Enter checkpoints. A series of checkpoints are scattered throughout the map. The player isn't required to visit any of them, but visiting the checkpoint will then allow the player to respawn to that location if defeated.
Let's look at a vague example to give you an explanation. You have to get to a villain's mountain base, but you have to stay under the radar or the villain will explode the bomb, so you walk. You start off from your dropoff point, and then a while in you find a hut. This is your checkpoint. If you are defeated, you "drag yourself back to the hut" to recuperate. Moving on, you find a large, convenient cave. This is your next checkpoint. Later on you find an abandoned camp site. It goes on and on.

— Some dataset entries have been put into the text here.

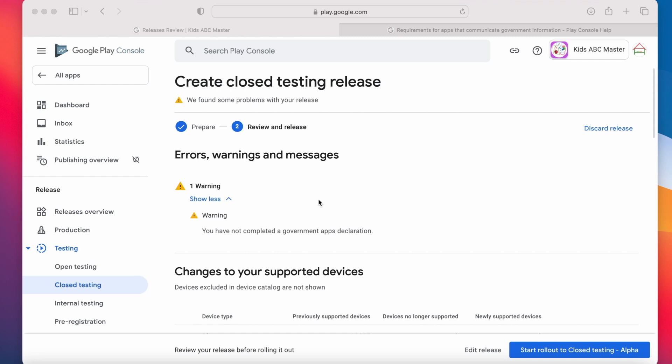Hello friends, today when I was trying to update one of my apps in Google Play Console, I got a warning saying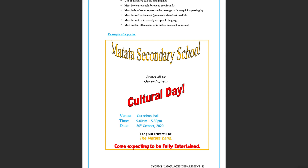Example of a poster: Invites all to our end of year. Venue: our school hall. Time: 9 a.m. to 5.30 p.m. Date: the 30th of October 2020. The guest artist will be the Matata Band. Come expecting to be fully entertained.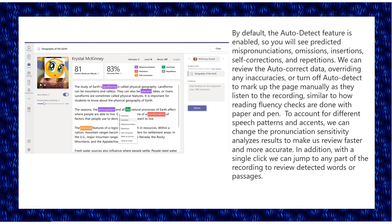By default, the auto-detect feature is enabled so you will see predicted pronunciations, omissions, insertions, self-corrections, and repetitions. We can review the auto-detect data, overriding any inaccuracies, or turn off auto-detect to mark up the page manually as they listen to the recording, similar to how reading fluency checks are done with paper and pen.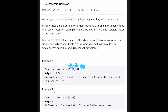Let's see example two: asteroids 8 and -8. Here, 8 moves right and -8 moves left, so a collision happens. But the absolute values are the same — 8 and 8 — so both asteroids will explode, and the output is an empty list.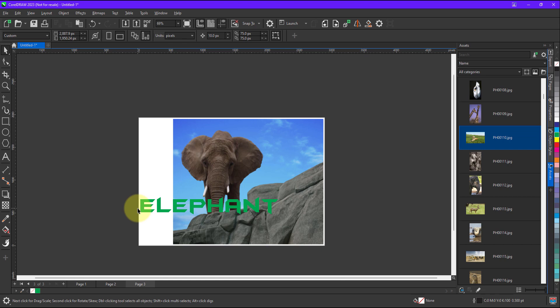So with the help of auto fit you can very easily resize the document size as per the object and images. I hope the video is helpful for you. Thank you for watching.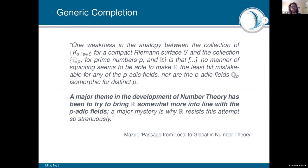Here's a suggestive quote from a survey by Barry Mazur: 'A major theme in the development of number theory has been to try and bring R somewhat more in line with the p-adic fields. A major mystery is why R resists this attempt so strenuously.' We saw echoes of this during Scholze's talk, where R is not locally profinite, which causes technical issues in the condensed analysis.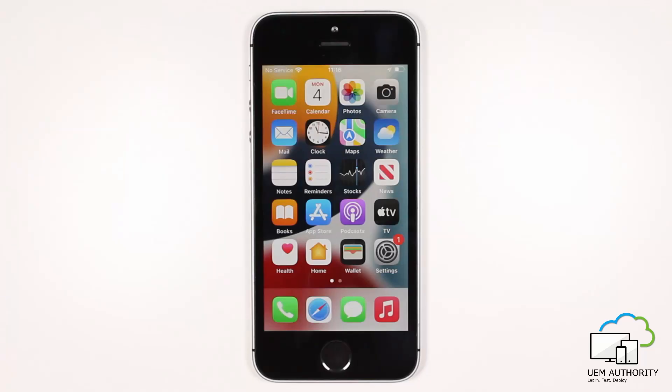To manually enroll an iPhone or iPad with Endpoint Manager, we can start with an existing device or a new device. In either scenario, the device must be in a post out-of-the-box experience state, i.e. at the home screen. For this demonstration we will be using an iPhone which has recently been factory reset and is now past the out-of-box experience.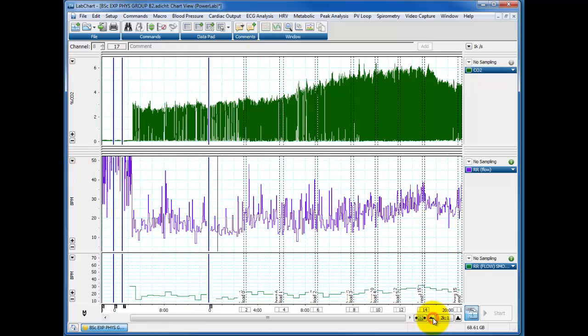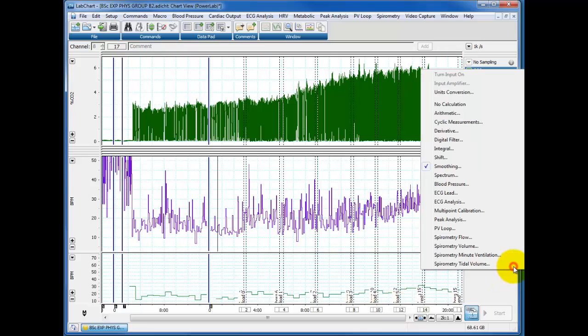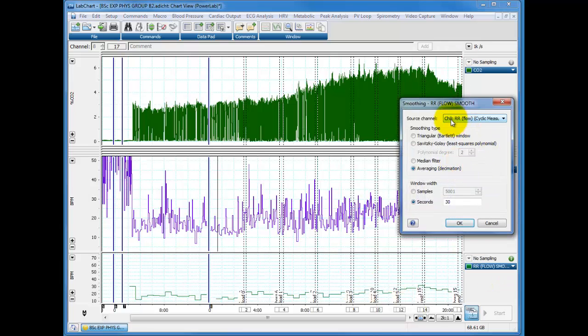And again, it shows a trend that respiratory rate is increasing from about twenty to about thirty over the course of the practical. And because this one here, the smoothing was set up to work from the channel eight, irrespective of what the channel eight was actually doing, it's also managed to bin our data from these new analyses.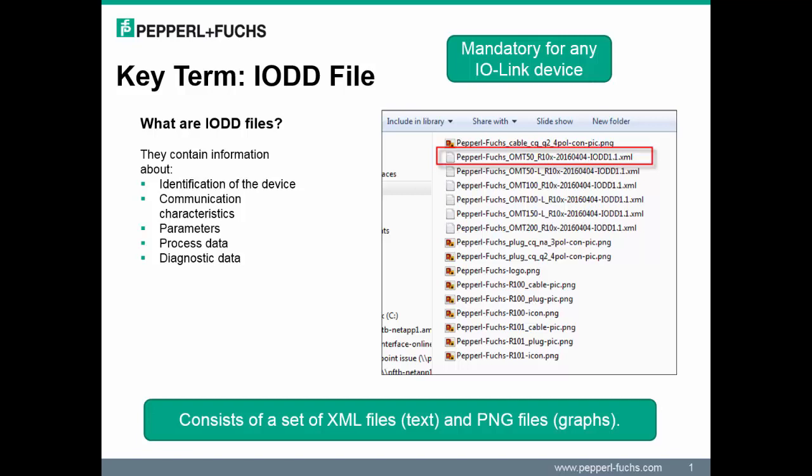Note: an IO-DD file is also useful by allowing you to interact with a device within the integrated web server, which we will cover later in the presentation.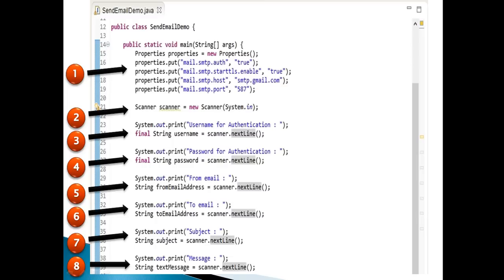In the main method of the demo class, let's understand the code in steps. Step 1: create a properties object. It stores properties such as host, authentication, StartTLS enable, and port, in the form of name-value pairs. Provide Mail SMTP auth as true, Mail SMTP StartTLS enable as true, Mail SMTP host as smtp.gmail.com, and Mail SMTP port as 587. These properties are required to send an email through TLS.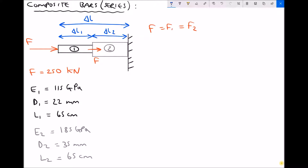Our second rule for composite bars is that the total change in length is the change in length of material 1 plus the change in length of material 2. So what we're going to do is calculate the change in length in material 1, calculate the change in length of material 2, and then add those two together, noting that the materials are shortening rather than lengthening.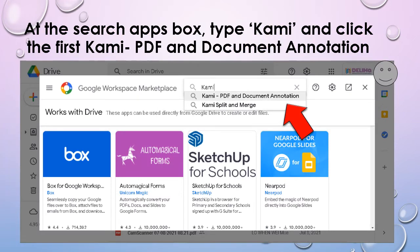Now you will come to this page. Click on the search box above, type 'Kami,' and click the first result: 'Kami PDF and Document Annotation.'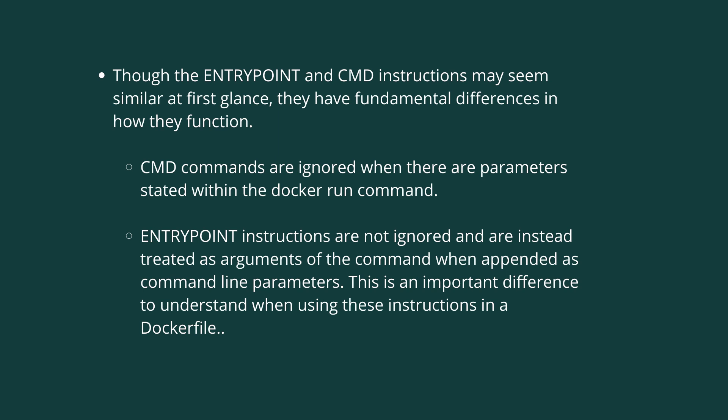The CMD commands are ignored when there are parameters which are stated within the Docker run command. On the other hand, the ENTRYPOINT instructions cannot be ignored and they are actually treated as arguments of the command when appended as command line parameters. It is an important difference to understand when using these instructions in a Dockerfile.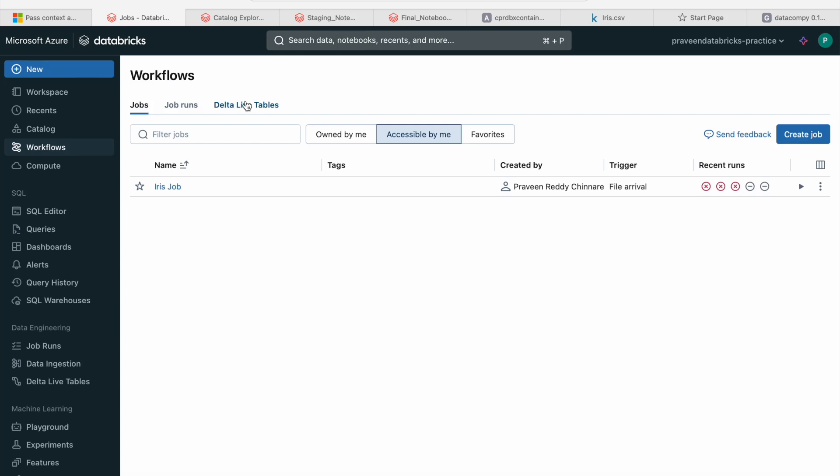Welcome to another video. Today I would like to discuss about workflows and jobs in Databricks. I have already made a video on Delta Live Tables. Today I would like to discuss about jobs inside the workflows in Databricks — how to create jobs, how to create tasks, what kind of tasks we can create, how to create a hierarchy between the tasks, and everything.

In fact, I wouldn't mind such a mission being linear, as without travel powers, defining allowable area should be fairly easy without the need for "emergency forcefields." Of course, a large open square map with various paths and approaches isn't something I would refuse, though I fully appreciate such a thing might be TOO costly to make (leaving us with blandness like "Canada" or "The Desert"). In fact, I suspect a vaguely branching path reminiscent of the original Dungeon Siege (I'm talking about the forest stages, NOT the one dungeon stage) might be relatively cheaper to make, and thus allow for a greater variety of these.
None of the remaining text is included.